В сопровождении сипаев караван двинулся дальше. Показалась глиняная крепостца с башнями, первый китайский пикет Ислык-караул. Токсаба хвастливо заявил, что китайцы боятся кокандцев. Увидят при караване сипаев и не станут задерживать, сразу же выдадут свидетельство на пропуск.

— А если неверные вздумают вас задержать, я проведу вас в Кашгар без свидетельства, — пыжился токсаба.

Караван остановился в 50 саженях от пикета. Китайские солдаты, сидевшие у стены, в тени тутовых деревьев, шмыгнули в ворота и заперлись. Токсаба ничуть не смутился.

— Неверные вас приняли за ходжу. У труса в глазах двоится.

Громкие голоса за воротами долго о чем-то перекорялись. Чокан пожалел, что не знает китайского языка. Наконец ворота растворились, показался китайский офицер — в шапке с золотым шариком. Изможденное лицо выдавало в нем прилежного курильщика опиума, в зубах цвета ляпис-лазури торчала дымящаяся трубка. Бошко сунул трубку токсабе, как старому знакомому. Токсаба пососал трубку и начал втолковывать бошко по-тюркски, что надо пропустить караван в Кашгар.

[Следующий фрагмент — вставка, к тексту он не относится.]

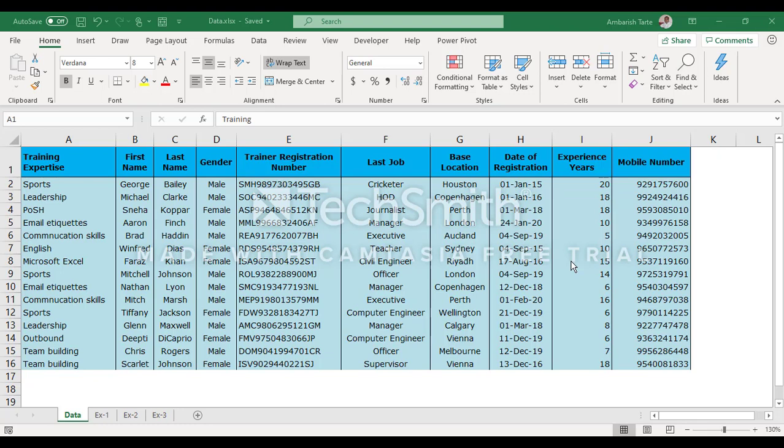I've been given the data here. It has 11 columns. It is data about some 15 trainers and there is a unique trainer registration number assigned to each trainer. You've got other information like their names, their area of training expertise, and their base location. As trainers, we are supposed to travel a lot, so it is important to also know the base location of the trainer.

Переговоры завершились только на следующий день. Бошко получил от Мусабая трех баранов и выдал свидетельство, в котором и семипалатинские ташкентцы, и петропавловские татары были названы анджанцами[86]. Толмач-кашгарец, пряча глаза, пояснил, что бумага дается для формы, никто ее не читает. Но после выяснилось, что толмач нарочно внес в свидетельство неправильные сведения — сразу же по уходе каравана он отправил в Кашгар донос на подозрительных людей, выдающих себя за купцов.

Неподалеку от китайского пикета караван уже поджидал кокандский чиновник — караулбеги, в обязанности которого входила запись приходящих и отходящих караванов. Этот действовал без китайских церемоний, взял с каждого «огня» по барану — и можете следовать своим путем.

Караван медленно плелся меж невысоких глинистых холмов. Почва показалась Чокану бесплодной — галька, солонцы. Но первое же селение удивило его пышной зеленью. Кашгарцы принесли купцам для мены дыни, морковь, просо.

Еще день пути, и караван подошел к Кашгару. Но не так-то просто оказалось туда попасть. Теперь уже кашгарские чиновники жаждали получить свою долю. Один изобличал семипалатинских купцов в том, что они дали на пикете ложные сведения, другой требовал, чтобы они тут же, на дороге, развязали свои вьюки — он осмотрит товары и возьмет зякет, неподалеку многозначительно разъезжал кашгарский полицейский… Опытный Мусабай не спешил купить благосклонность чиновников-кашгарцев. Выждали, пока определится самый влиятельный, ему-то и преподнесли подарок.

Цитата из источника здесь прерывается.